Exercise directions — Every line from the one with "Suite, Holiday Inn" through the end of the entries below should be written out exactly; the pictures should not.

^^^^^^^^

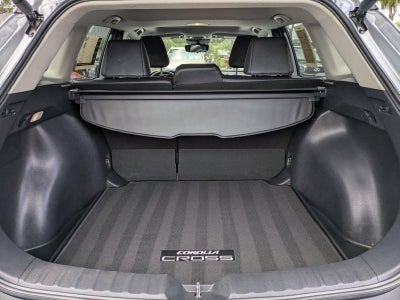 2025 Toyota Corolla Cross XLE 2WD (Natl)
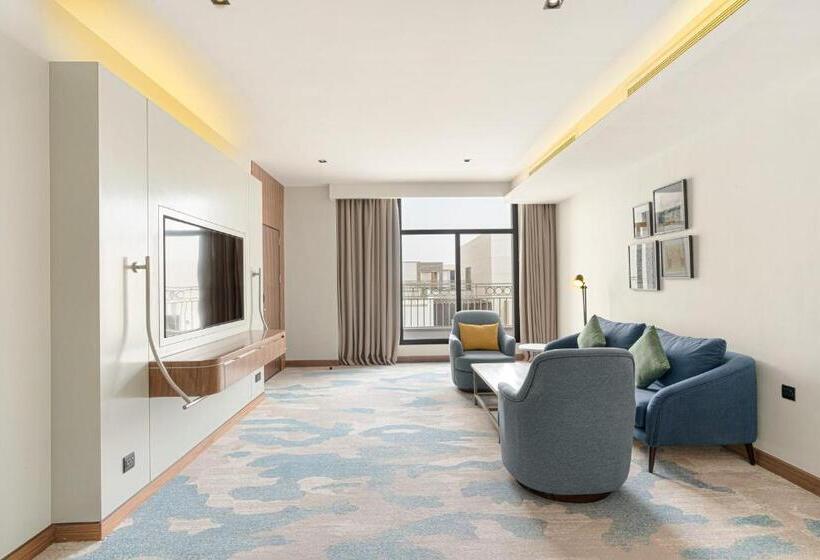 Suite, Holiday Inn Riyadh The Business District, An Ihg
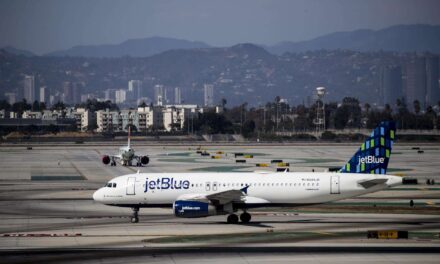 Spirit decidirá antes de julio sobre la venta a JetBlue o fusión con Frontier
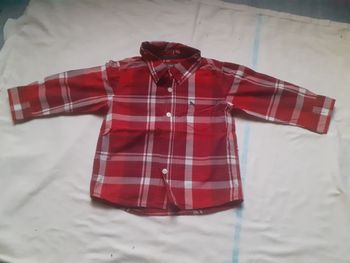 Chemise à carreaux rouges et blancs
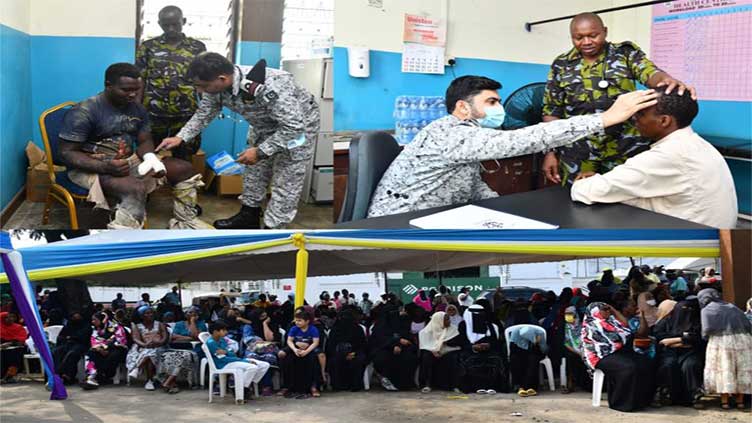 PNS Moawin visits Kenya, sets up free medical camp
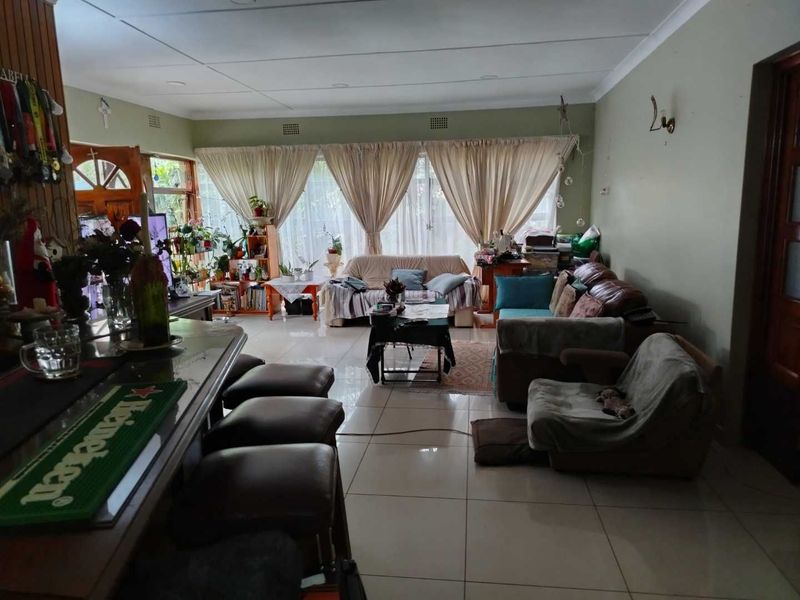 Charming Family Home in Wychwood â?? Endless Potential - Photo 3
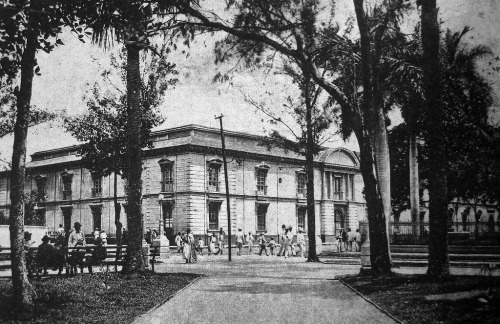 Universidad Nacional y Escuela Politécnica, San Salvador, El Salvador, 1927.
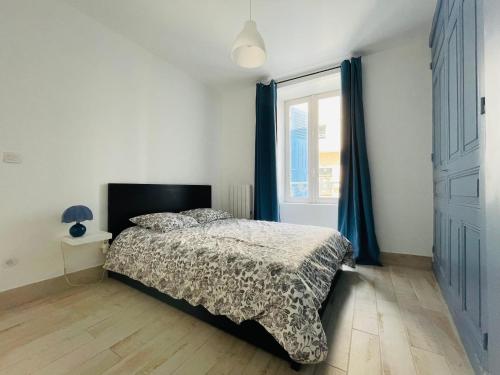 DnN - Modern chic 1BR # minutes to center Thiers # Wifi, free Netflix and Parking Thiers france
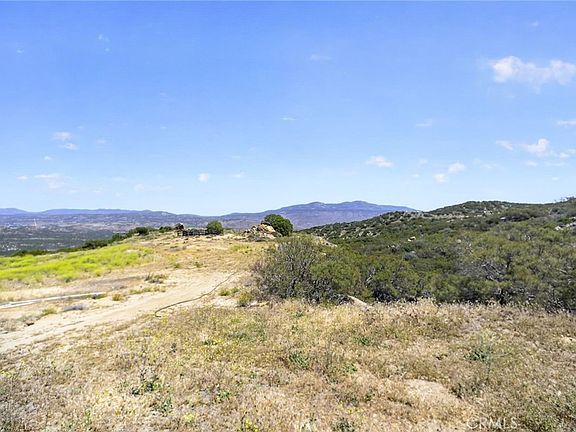 3rd image of 60455 Rim Rock Rd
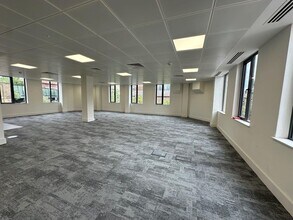 1 Park Rd, Teddington to rent Interior Photo- Image 2 of 19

^^^^^^^^

Response to this task —
 Suite, Holiday Inn Riyadh The Business District, An Ihg
 Spirit decidirá antes de julio sobre la venta a JetBlue o fusión con Frontier
 Chemise à carreaux rouges et blancs
 PNS Moawin visits Kenya, sets up free medical camp
 Charming Family Home in Wychwood â?? Endless Potential - Photo 3
 Universidad Nacional y Escuela Politécnica, San Salvador, El Salvador, 1927.
 DnN - Modern chic 1BR # minutes to center Thiers # Wifi, free Netflix and Parking Thiers france
 3rd image of 60455 Rim Rock Rd
 1 Park Rd, Teddington to rent Interior Photo- Image 2 of 19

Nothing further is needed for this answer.